HPC Coaching Corner

Andy Fleming gets some roadside coaching by Susan Hefler during of her infamous HPC training camps in the Blue Ridge Mountains of Virginia.
(Photo By Douglas Graham)

Indoor vs. Outdoor

Will an indoor cycling class at my local gym or cycling studio help me in the
winter? 


Of course it will, but make sure you know your best options for best
results. Hefler Performance Cycling started a indoor cycling performance studio all the way back in 2001. Back then, it was 10 trainers- the ‘dumb” kind – in a friend’s garage in McLean, Virginia. I had a ghetto blaster cassette player, and hot coffee afterwards. 


Boy, am I glad for that coffee! We all froze our butts off that first winter.

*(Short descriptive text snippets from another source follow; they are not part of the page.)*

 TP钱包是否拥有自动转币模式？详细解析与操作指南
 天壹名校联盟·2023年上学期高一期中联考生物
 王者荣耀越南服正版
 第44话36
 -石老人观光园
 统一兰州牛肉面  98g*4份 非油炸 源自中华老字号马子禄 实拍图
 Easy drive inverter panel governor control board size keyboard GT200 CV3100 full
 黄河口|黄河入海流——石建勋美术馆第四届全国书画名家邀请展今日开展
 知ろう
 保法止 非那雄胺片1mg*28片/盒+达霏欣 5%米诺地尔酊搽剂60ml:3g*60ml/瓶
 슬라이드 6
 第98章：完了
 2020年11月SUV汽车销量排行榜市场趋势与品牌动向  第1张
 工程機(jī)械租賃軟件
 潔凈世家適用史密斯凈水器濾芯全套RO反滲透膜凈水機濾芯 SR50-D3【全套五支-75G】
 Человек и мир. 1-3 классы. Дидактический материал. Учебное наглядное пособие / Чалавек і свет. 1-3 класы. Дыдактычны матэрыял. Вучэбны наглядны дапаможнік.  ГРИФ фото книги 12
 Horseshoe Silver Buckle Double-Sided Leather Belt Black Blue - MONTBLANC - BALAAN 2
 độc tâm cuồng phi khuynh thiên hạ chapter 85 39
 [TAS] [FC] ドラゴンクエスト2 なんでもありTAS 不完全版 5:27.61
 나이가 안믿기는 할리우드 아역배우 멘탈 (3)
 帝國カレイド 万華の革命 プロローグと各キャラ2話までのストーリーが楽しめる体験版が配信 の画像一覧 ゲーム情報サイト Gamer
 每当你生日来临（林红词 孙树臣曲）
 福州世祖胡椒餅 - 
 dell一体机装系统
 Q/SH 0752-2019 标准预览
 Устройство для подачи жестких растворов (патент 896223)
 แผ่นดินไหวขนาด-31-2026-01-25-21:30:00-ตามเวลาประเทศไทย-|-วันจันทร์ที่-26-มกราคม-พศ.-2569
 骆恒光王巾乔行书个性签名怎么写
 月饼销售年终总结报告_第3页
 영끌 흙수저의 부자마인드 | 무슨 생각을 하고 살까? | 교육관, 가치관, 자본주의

But we had some fun and epic workouts together. I opened my first real studio in Vienna at Spokes Etc… in 2004. Several bigger and better locations later, HPC continues to evolve and refine our training system for ever better outcomes for our clients. I use reliable and accurate “smart” trainers (COMPUTRAINER) because although considered “older”, the system is still the only one out there that uses a hard-wired interface with our computers.( And,hey, the magic of any “smart” trainer is in the software.) 


For a class of twenty riders, hard-wired means no data drop out. Even if I have multiple bluetooth cycling computers running as well! Equipment aside, the heart of my success as a coach and as a business is getting positive results for my clients.I work hard to design and provide workouts that tick all the boxes of the core principles of training. 
The four pillars are:

Individuality. Classes should be tailored to each riders’ goals and current fitness level. We use YOUR specific power threshold, Heart rate and even RPE (Rate of Perceived Exertion) to optimize your class experience Progression. Classes should evolve throughout the season to develop riders’ improving fitness and ability to adapt to increasing workload. 


Specificity. Workouts that incorporate different energy systems and muscle groups to target specific cycling requirements. These will include classes that focus on climbing endurance and power, sprint sets, cadence work, and time trial simulations; each in a proper proportion to maximize training benefit.


Overload/Recovery. Every fitness club has some form of indoor cycling class, and during the winter it’s very tempting for outdoor cyclists to jump in rather than slave away on an indoor trainer all by themselves. And there’s nothing inherently wrong with indoor cycling classes in gyms and health clubs, cycling studios like SoulCycle and Cyclebar, and even live and on-demand classes like Peloton, but if you
are a cyclist or triathlete it is important to find one that’s actually going to improve your performance on the bike. Indoor cycling classes generally fall into two categories: 

Sweatfests and Structured Workouts. Both have their merits, and I understand the psychology of the Sweatfest fan’s desire to reach the end of a class thoroughly exhausted, but as a coach I prefer the Structured Workout approach. Many times the Sweatfest feels excruciatingly difficult, but due to inadequate recovery periods, your perceived exertion level is through the roof but your actual power output is too low to lead to improved fitness. Check in with the instructor: if the primary feature of the workout is that it’s ridiculously intense, but he or she can’t identify what you’re actually going to get out of it, find a different class.